In August 2011, Obama declared that Syrian President Bashar Assad should “step aside.” More than a year later, he remains in power, killing more and more of his fellow Syrians with each passing day.
Romney, who says that America’s “objective” should be “to replace Assad,” proposes next to nothing in the way of achieving that goal. Criticizing the administration for its neglect of “American leadership,” he went on to say that the U.S. “should have taken a leading role — not militarily, but a leading role organizationally.”
But this is precisely what the Obama administration has done — primarily, by supporting the formation of the exile Syrian National Council — and to little effect.
Meanwhile, both Romney and Obama oppose the most meaningful, basic step that could be taken to help the opposition: the establishment of a no-fly zone in the north of the country to provide a safe area for Syrians fleeing Assad’s violence, a tactic that the U.S. used to save civilian lives in Bosnia, Kosovo and, most recently, Libya.
Obama said Monday night that the violence in Syria is “heartbreaking,” but that we should not get “entangled militarily.”

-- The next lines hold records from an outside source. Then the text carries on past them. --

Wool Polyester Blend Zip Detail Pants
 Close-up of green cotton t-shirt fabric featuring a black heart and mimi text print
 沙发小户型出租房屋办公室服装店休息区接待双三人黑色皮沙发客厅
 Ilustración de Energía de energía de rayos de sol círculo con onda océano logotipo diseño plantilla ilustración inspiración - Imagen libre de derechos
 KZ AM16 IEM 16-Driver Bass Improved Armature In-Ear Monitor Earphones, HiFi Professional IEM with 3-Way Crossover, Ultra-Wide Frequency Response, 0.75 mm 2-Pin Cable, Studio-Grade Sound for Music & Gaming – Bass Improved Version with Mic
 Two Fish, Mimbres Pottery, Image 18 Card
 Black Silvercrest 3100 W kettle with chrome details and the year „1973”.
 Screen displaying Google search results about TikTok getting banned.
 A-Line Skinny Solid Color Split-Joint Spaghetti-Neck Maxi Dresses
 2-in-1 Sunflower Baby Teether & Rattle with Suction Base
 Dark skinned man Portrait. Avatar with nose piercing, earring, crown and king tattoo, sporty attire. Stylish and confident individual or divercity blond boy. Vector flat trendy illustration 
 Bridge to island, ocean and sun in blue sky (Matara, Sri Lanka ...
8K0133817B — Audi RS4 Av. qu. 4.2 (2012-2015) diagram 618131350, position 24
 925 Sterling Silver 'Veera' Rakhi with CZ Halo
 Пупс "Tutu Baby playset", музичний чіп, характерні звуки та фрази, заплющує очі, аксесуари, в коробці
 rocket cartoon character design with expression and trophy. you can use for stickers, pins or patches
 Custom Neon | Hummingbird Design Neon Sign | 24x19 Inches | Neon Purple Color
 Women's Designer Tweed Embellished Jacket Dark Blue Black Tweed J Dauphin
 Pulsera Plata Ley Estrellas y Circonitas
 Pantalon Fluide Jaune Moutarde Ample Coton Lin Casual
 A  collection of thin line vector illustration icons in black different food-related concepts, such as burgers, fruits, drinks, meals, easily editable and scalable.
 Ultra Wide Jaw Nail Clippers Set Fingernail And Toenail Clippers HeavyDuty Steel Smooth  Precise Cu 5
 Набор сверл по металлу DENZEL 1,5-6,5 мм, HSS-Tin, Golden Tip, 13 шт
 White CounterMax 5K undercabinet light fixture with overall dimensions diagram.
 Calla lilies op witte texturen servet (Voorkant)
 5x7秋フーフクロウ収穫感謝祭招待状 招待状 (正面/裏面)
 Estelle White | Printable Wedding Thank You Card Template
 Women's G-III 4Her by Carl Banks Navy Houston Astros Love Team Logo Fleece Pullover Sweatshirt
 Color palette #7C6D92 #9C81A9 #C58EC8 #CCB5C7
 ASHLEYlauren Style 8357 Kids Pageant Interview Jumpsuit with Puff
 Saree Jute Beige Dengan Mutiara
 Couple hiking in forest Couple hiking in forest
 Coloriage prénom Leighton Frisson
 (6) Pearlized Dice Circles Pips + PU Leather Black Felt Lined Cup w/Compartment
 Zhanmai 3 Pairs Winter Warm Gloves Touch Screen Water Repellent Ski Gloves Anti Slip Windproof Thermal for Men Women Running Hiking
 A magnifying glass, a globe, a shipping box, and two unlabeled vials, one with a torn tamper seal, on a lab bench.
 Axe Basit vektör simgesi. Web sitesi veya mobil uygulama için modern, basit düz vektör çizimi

He has failed to delineate what his rationale was for intervening in Libya — a mission for which he has repeatedly claimed personal credit — while letting Syria fester.
Libya is on the periphery, both geographically and strategically, of the Middle East. A dictator with, as the President correctly pointed out, much American blood on his hands, Moammar Khadafy was far less of a nuisance to the U.S. than Assad — Iran’s sole Arab ally and a leading sponsor of terrorism against American soldiers in Iraq.
While America stays out of Syria, Assad’s war machine spreads violence across the region. In recent weeks, the regime has fired mortar shells into neighboring Turkey, an American ally and NATO member that has hosted Syrian rebels and refugees. Such an attack is an attack on the U.S. and the entire military alliance — at least according to the NATO charter.
Last week, a car bomb took the life of Lebanese intelligence chief Wissam al-Hassan, whose investigations into Syrian-backed terror put a target on his back.
The killing marks an end to the relative calm that Lebanon has enjoyed in recent years, as it now falls victim to the violence unleashed by the regime next door.
Even the University of Oklahoma’s Josh Landis, a Syria expert and, until now, Assad’s most prominent apologist in the U.S., has come out in favor of limited American military intervention, supporting the supply of heat-seeking missiles to the rebels.
“As soon as the elections are over in the U.S., Washington should redouble its efforts at changing the balance of power in Syria, if Assad does not begin to form a transitional government in earnest,” he wrote in an online column.
Romney has vaguely called for arming the Syrian rebels, but that will not be enough.
Americans are understandably war-weary. Romney grasps this, which is why it is difficult for him to criticize the President without sounding bellicose.
The President also understands this, which is why he frames any disagreement with his foreign policy as warmongering. But the war in Syria has been raging for well over a year. Our enemies are fighting it. Unfortunately, neither candidate has explained why America won’t stand behind its friends.
Kirchick is a fellow with the Foundation for Defense of Democracies.